The partnership will leverage the chip-maker’s pre-802.11ay chipsets to power Facebook’s Terragraph technology. The new tech will improve speed, efficiency and quality of internet networks for a fraction of the cost of fibre networks.
802.11 is a set of wireless technology standards developed by the IEEE (Institute of Electrical and Electronics Engineers). 802.11ay is an amendment to the standard that is currently in development. 802.11ac is the current standard found in most routers. It provides dual-band connectivity over the 2.4GHz network channel at 450Mbps or the 5GHz channel at 1300Mbps.
Gigahertz (GHz) is a measure of frequency. More data can be transmitted with higher frequency. However, higher frequency lacks range and the ability to penetrate through objects such as walls.
Despite not being official, the standard has a few potential applications. Thanks to the large bandwidth, 802.11ay could replace complex wired networks within offices. Additionally, 11ay is shaping up to be the new backbone of network infrastructure.
Terragraph and the future of networks
Facebook’s Terragraph initiative is kind of like a city-wide mesh Wi-Fi network. Facebook touts Terragraph as the solution to urban bandwidth problems.
In dense urban areas, current copper infrastructure can’t provide enough bandwidth. Fibre is too expensive and too slow to roll out effectively. Cellular is too limited.
Terragraph uses a mix of 802.11ay with enhancements provided by Qualcomm chipsets. Facebook and Qualcomm also developed integrated software that helps make outdoor transmission more efficient.

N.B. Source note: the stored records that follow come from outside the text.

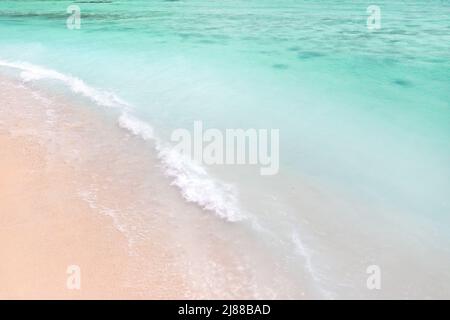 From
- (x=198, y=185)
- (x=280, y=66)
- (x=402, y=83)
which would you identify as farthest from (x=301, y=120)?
(x=280, y=66)

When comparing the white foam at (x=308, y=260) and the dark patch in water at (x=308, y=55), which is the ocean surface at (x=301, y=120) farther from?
the dark patch in water at (x=308, y=55)

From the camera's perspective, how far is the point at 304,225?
6758 mm

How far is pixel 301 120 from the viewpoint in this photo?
10906mm

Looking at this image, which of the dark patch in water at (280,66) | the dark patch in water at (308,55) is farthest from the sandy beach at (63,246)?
the dark patch in water at (308,55)

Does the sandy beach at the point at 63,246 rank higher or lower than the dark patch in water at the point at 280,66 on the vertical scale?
lower

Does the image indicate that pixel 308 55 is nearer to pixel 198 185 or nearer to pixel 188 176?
pixel 188 176

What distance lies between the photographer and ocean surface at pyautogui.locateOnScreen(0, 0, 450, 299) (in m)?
6.14

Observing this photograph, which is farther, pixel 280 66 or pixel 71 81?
pixel 280 66

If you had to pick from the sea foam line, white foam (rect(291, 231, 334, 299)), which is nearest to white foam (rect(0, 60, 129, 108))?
the sea foam line

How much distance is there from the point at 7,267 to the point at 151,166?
132 inches

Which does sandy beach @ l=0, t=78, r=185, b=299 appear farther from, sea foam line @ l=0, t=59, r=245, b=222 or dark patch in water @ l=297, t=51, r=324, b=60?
dark patch in water @ l=297, t=51, r=324, b=60

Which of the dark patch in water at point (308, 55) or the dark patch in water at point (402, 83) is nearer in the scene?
the dark patch in water at point (402, 83)

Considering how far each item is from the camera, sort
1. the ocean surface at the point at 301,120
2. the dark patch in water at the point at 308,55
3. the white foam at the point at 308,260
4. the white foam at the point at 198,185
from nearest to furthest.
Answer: the white foam at the point at 308,260 < the ocean surface at the point at 301,120 < the white foam at the point at 198,185 < the dark patch in water at the point at 308,55

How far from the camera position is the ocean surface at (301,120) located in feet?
20.1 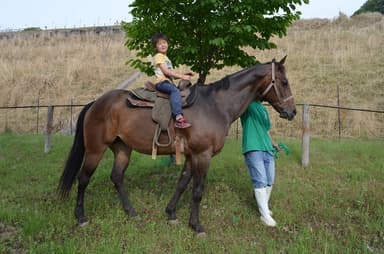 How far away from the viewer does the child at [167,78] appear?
4473mm

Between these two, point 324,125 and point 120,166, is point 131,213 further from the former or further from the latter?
point 324,125

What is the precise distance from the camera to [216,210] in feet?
17.5

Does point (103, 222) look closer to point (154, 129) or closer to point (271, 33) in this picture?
point (154, 129)

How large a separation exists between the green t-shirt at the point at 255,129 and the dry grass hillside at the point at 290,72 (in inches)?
276

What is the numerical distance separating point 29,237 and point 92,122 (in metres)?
1.72

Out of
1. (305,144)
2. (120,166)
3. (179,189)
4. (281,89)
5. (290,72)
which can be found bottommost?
(179,189)

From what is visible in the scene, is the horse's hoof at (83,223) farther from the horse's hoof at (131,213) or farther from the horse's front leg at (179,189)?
the horse's front leg at (179,189)

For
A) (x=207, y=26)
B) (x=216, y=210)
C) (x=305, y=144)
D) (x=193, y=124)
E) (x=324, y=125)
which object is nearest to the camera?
(x=193, y=124)

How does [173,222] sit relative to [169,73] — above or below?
below

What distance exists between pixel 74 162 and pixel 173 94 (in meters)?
2.00

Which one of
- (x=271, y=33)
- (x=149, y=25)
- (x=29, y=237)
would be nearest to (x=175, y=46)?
(x=149, y=25)

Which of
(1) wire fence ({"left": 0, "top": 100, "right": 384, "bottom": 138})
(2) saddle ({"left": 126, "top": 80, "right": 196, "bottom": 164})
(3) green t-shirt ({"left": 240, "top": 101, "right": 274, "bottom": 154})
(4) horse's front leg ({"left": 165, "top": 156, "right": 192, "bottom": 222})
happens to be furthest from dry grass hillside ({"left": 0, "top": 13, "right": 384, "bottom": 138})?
(2) saddle ({"left": 126, "top": 80, "right": 196, "bottom": 164})

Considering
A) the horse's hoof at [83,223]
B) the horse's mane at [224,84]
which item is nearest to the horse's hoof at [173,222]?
the horse's hoof at [83,223]

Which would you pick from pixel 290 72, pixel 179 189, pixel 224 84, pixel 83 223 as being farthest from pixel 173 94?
pixel 290 72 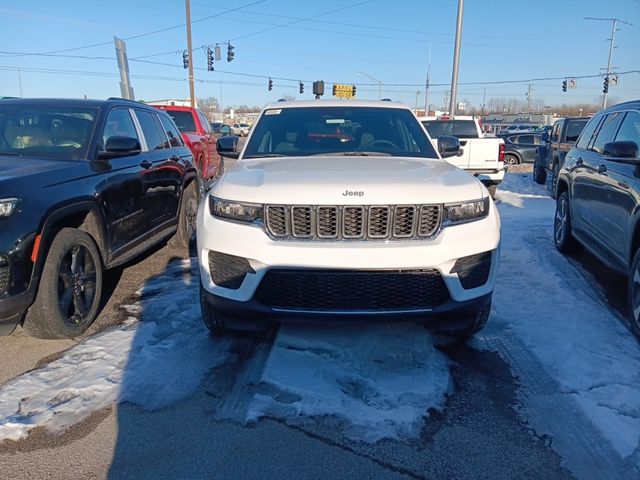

The 802.11ay standard provides enough bandwidth for Terragraph that there would be no need for wires. Without wires there’s no need to get Right of Way permissions — legal approval to use property owned by others. Terragraph service boxes can be mounted on existing infrastructure like street lamps. The technology provides fibre-like connections to homes and businesses.
This sounds awesome, when do we get it?
Not for a while yet, unfortunately. Qualcomm and Facebook won’t begin testing until mid-2019. Also, due to the the range of 11ay, any Terragraph network rollout will have to be relatively dense. Another problem with 11ay is obstacles. Significantly large obstacles, like trucks, can disrupt the 60 GHz channel temporarily as they pass by.
This means any Terragraph network will need redundancy built in to ensure there is no major service disruptions.
Terragraph could be the network infrastructure of the future. If cost reductions are high enough, we could see 802.11ay backed networks usurping copper and fibre networks soon.